Normally I move all of my data to the GPU before training, but I have a dataset that is too big for the GPU’s memory (it easily fits into system RAM). So rather than moving the entire dataset to the GPU, I changed by code to only move the mini batches to the GPU as needed. I’ve done some testing with datasets that fit entirely on the GPU, and I find that moving the mini batches to the GPU as needed greatly increases training time (about 1.5x for my data). I thought that if I moved larger chucks of data to the GPU at a time and then split the chucks into mini batches, it might help. However, this seems to be twice as slow as just moving the mini batches as needed.
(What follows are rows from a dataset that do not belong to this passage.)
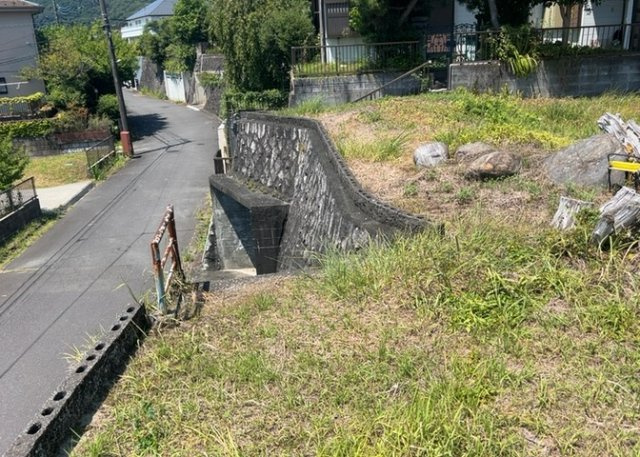 土地探しをしていると都市計画区域という言葉を目にすると思います。法律によって、都道府県知事や国土交通大臣が指定するエリアのことを指しており、都市計画区域は市街化区域と市街化調整区域に分けられています。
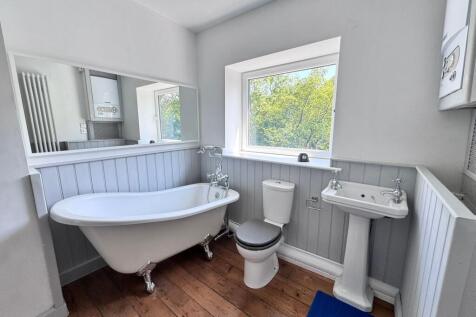 BATHROOM AREA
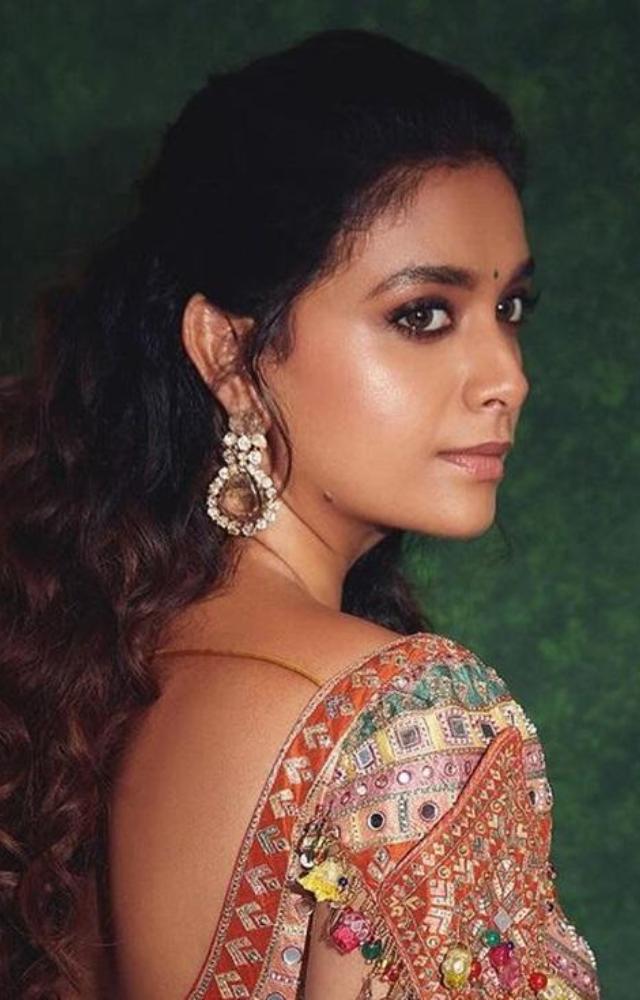 A promotional video released by the team stars a robot named Bujji. The voice for the playful robot is given by Mahanati actress Keerthy Suresh.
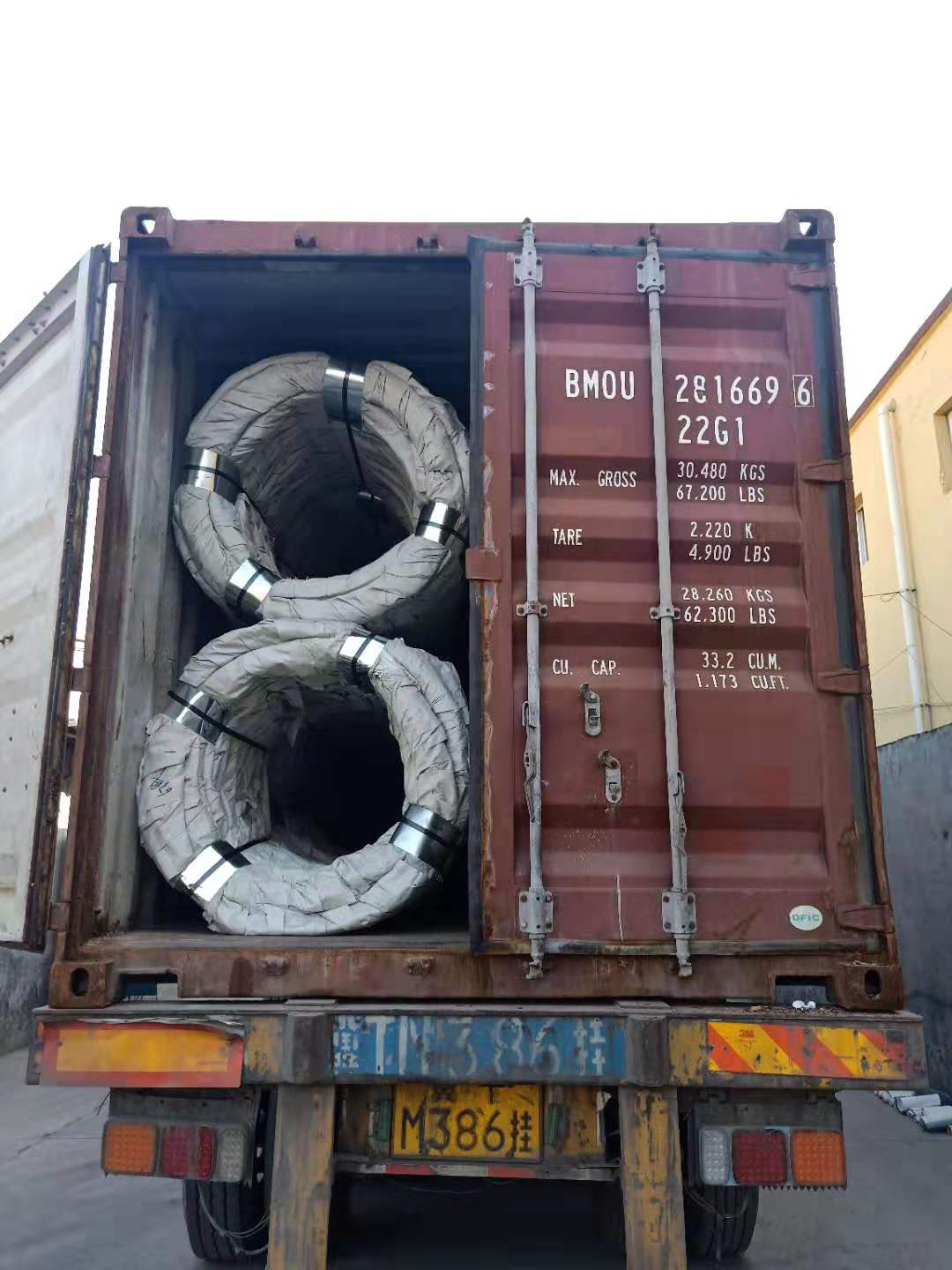 loading razor wire mesh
Any suggestions on a better way to move data to the GPU would be appreciated.
Original Approach:
X = torch.from_numpy(X).cuda()
y = torch.from_numpy(y).cuda()
tensor_dataset = torch.utils.data.TensorDataset(X, y)
train_loader = torch.utils.data.DataLoader(tensor_dataset, 256, shuffle=True)
for epoch in range(1, n_epochs+1):
for batch, (data, target) in enumerate(train_loader, 1):
model.train()
optimizer.zero_grad()
outputs = model.forward(data)
loss = loss_function(outputs, target)
loss.backward()
optimizer.step()
Mini Batch Approach:
X = torch.from_numpy(X)
y = torch.from_numpy(y)
tensor_dataset = torch.utils.data.TensorDataset(X, y)
train_loader = torch.utils.data.DataLoader(tensor_dataset, 256, shuffle=True)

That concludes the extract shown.